SOURCE MATERIAL Start Marker
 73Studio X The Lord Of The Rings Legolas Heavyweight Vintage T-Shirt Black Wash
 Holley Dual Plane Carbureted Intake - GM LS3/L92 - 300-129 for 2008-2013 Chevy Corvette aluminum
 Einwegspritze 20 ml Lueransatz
SOURCE MATERIAL End Marker
SOURCE MATERIAL Start Marker
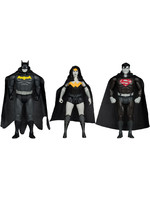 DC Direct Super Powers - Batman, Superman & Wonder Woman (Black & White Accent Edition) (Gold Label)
SOURCE MATERIAL End Marker
SOURCE MATERIAL Start Marker
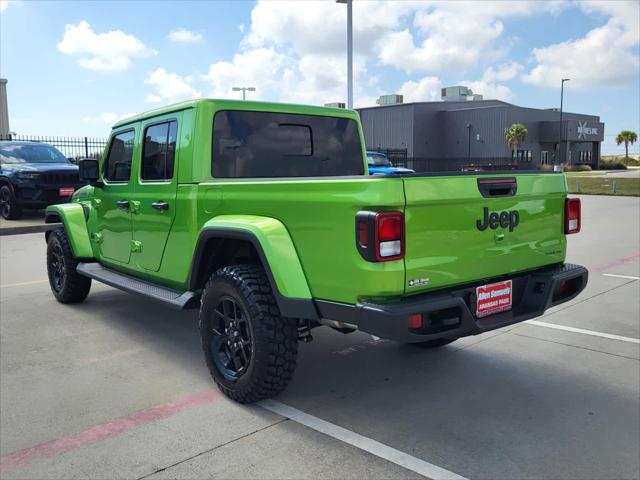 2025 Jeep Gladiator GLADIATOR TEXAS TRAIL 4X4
SOURCE MATERIAL End Marker
Given the data above, transcribe exactly the lines from the one containing "Holley Dual Plane" down to the one containing "Einwegspritze 20 ml Lueransatz", and no others.

## ANSWER BOX
 Holley Dual Plane Carbureted Intake - GM LS3/L92 - 300-129 for 2008-2013 Chevy Corvette aluminum
 Einwegspritze 20 ml Lueransatz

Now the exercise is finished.